== DATASET RECORDS ==
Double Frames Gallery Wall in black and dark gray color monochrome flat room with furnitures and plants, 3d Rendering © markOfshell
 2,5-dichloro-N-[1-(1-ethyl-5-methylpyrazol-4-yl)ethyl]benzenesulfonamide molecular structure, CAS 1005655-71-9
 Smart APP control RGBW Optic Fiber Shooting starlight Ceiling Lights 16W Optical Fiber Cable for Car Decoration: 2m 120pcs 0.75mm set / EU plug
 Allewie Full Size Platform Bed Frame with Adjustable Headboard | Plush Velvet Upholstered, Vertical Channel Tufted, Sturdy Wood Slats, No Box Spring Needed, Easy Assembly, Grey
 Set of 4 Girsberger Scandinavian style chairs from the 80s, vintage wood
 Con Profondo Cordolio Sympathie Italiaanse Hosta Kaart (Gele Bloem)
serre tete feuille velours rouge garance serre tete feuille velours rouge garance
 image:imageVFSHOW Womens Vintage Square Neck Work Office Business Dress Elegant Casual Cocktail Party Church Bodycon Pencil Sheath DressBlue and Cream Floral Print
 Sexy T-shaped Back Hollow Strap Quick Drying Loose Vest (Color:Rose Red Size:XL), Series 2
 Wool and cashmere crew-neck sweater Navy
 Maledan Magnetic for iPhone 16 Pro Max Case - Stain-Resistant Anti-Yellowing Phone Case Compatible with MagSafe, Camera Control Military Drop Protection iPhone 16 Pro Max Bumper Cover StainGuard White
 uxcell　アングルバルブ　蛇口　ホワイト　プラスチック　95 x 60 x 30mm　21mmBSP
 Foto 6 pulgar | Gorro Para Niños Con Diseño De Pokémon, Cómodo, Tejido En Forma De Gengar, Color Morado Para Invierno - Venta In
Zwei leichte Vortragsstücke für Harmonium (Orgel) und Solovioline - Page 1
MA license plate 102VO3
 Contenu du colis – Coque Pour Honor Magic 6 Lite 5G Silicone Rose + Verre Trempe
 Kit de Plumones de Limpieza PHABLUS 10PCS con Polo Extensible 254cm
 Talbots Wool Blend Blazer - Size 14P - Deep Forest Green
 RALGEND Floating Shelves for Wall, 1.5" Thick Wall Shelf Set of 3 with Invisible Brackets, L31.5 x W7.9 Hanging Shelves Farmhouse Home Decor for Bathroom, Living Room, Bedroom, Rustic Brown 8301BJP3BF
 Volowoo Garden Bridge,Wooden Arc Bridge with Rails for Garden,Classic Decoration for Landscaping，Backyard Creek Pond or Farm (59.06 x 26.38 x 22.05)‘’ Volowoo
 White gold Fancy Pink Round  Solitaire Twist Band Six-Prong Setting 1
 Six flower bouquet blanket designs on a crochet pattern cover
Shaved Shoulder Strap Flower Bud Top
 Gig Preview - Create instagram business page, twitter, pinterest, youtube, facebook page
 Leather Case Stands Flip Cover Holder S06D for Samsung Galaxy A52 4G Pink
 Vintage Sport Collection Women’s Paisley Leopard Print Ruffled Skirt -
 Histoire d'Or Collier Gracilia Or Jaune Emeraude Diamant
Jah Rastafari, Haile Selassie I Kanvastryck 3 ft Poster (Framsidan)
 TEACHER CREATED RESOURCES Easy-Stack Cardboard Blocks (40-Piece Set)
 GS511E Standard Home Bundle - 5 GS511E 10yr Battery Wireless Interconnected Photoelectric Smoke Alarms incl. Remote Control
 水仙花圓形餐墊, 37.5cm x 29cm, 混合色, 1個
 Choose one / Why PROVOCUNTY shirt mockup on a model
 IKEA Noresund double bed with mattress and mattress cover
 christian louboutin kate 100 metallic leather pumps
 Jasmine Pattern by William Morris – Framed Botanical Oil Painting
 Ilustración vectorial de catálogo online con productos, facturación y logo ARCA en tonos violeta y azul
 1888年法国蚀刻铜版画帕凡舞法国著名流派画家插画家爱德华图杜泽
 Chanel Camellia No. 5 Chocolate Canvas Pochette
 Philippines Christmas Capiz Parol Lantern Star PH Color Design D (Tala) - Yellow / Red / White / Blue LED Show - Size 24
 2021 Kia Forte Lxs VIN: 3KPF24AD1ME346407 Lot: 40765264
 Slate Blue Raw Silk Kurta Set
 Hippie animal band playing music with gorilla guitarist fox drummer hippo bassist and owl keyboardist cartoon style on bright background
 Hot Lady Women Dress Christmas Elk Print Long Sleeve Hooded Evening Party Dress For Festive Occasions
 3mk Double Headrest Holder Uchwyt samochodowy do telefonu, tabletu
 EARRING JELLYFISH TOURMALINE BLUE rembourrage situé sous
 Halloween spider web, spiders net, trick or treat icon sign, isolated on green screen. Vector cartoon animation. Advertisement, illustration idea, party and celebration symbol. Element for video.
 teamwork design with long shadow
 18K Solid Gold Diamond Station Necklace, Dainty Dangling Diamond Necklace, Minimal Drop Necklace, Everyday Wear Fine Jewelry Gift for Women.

== WHAT IS REQUIRED ==
Go through the data and copy each line exactly as it reads.

== EXPECTED ANSWER ==
Double Frames Gallery Wall in black and dark gray color monochrome flat room with furnitures and plants, 3d Rendering © markOfshell
 2,5-dichloro-N-[1-(1-ethyl-5-methylpyrazol-4-yl)ethyl]benzenesulfonamide molecular structure, CAS 1005655-71-9
 Smart APP control RGBW Optic Fiber Shooting starlight Ceiling Lights 16W Optical Fiber Cable for Car Decoration: 2m 120pcs 0.75mm set / EU plug
 Allewie Full Size Platform Bed Frame with Adjustable Headboard | Plush Velvet Upholstered, Vertical Channel Tufted, Sturdy Wood Slats, No Box Spring Needed, Easy Assembly, Grey
 Set of 4 Girsberger Scandinavian style chairs from the 80s, vintage wood
 Con Profondo Cordolio Sympathie Italiaanse Hosta Kaart (Gele Bloem)
serre tete feuille velours rouge garance serre tete feuille velours rouge garance
 image:imageVFSHOW Womens Vintage Square Neck Work Office Business Dress Elegant Casual Cocktail Party Church Bodycon Pencil Sheath DressBlue and Cream Floral Print
 Sexy T-shaped Back Hollow Strap Quick Drying Loose Vest (Color:Rose Red Size:XL), Series 2
 Wool and cashmere crew-neck sweater Navy
 Maledan Magnetic for iPhone 16 Pro Max Case - Stain-Resistant Anti-Yellowing Phone Case Compatible with MagSafe, Camera Control Military Drop Protection iPhone 16 Pro Max Bumper Cover StainGuard White
 uxcell　アングルバルブ　蛇口　ホワイト　プラスチック　95 x 60 x 30mm　21mmBSP
 Foto 6 pulgar | Gorro Para Niños Con Diseño De Pokémon, Cómodo, Tejido En Forma De Gengar, Color Morado Para Invierno - Venta In
Zwei leichte Vortragsstücke für Harmonium (Orgel) und Solovioline - Page 1
MA license plate 102VO3
 Contenu du colis – Coque Pour Honor Magic 6 Lite 5G Silicone Rose + Verre Trempe
 Kit de Plumones de Limpieza PHABLUS 10PCS con Polo Extensible 254cm
 Talbots Wool Blend Blazer - Size 14P - Deep Forest Green
 RALGEND Floating Shelves for Wall, 1.5" Thick Wall Shelf Set of 3 with Invisible Brackets, L31.5 x W7.9 Hanging Shelves Farmhouse Home Decor for Bathroom, Living Room, Bedroom, Rustic Brown 8301BJP3BF
 Volowoo Garden Bridge,Wooden Arc Bridge with Rails for Garden,Classic Decoration for Landscaping，Backyard Creek Pond or Farm (59.06 x 26.38 x 22.05)‘’ Volowoo
 White gold Fancy Pink Round  Solitaire Twist Band Six-Prong Setting 1
 Six flower bouquet blanket designs on a crochet pattern cover
Shaved Shoulder Strap Flower Bud Top
 Gig Preview - Create instagram business page, twitter, pinterest, youtube, facebook page
 Leather Case Stands Flip Cover Holder S06D for Samsung Galaxy A52 4G Pink
 Vintage Sport Collection Women’s Paisley Leopard Print Ruffled Skirt -
 Histoire d'Or Collier Gracilia Or Jaune Emeraude Diamant
Jah Rastafari, Haile Selassie I Kanvastryck 3 ft Poster (Framsidan)
 TEACHER CREATED RESOURCES Easy-Stack Cardboard Blocks (40-Piece Set)
 GS511E Standard Home Bundle - 5 GS511E 10yr Battery Wireless Interconnected Photoelectric Smoke Alarms incl. Remote Control
 水仙花圓形餐墊, 37.5cm x 29cm, 混合色, 1個
 Choose one / Why PROVOCUNTY shirt mockup on a model
 IKEA Noresund double bed with mattress and mattress cover
 christian louboutin kate 100 metallic leather pumps
 Jasmine Pattern by William Morris – Framed Botanical Oil Painting
 Ilustración vectorial de catálogo online con productos, facturación y logo ARCA en tonos violeta y azul
 1888年法国蚀刻铜版画帕凡舞法国著名流派画家插画家爱德华图杜泽
 Chanel Camellia No. 5 Chocolate Canvas Pochette
 Philippines Christmas Capiz Parol Lantern Star PH Color Design D (Tala) - Yellow / Red / White / Blue LED Show - Size 24
 2021 Kia Forte Lxs VIN: 3KPF24AD1ME346407 Lot: 40765264
 Slate Blue Raw Silk Kurta Set
 Hippie animal band playing music with gorilla guitarist fox drummer hippo bassist and owl keyboardist cartoon style on bright background
 Hot Lady Women Dress Christmas Elk Print Long Sleeve Hooded Evening Party Dress For Festive Occasions
 3mk Double Headrest Holder Uchwyt samochodowy do telefonu, tabletu
 EARRING JELLYFISH TOURMALINE BLUE rembourrage situé sous
 Halloween spider web, spiders net, trick or treat icon sign, isolated on green screen. Vector cartoon animation. Advertisement, illustration idea, party and celebration symbol. Element for video.
 teamwork design with long shadow
 18K Solid Gold Diamond Station Necklace, Dainty Dangling Diamond Necklace, Minimal Drop Necklace, Everyday Wear Fine Jewelry Gift for Women.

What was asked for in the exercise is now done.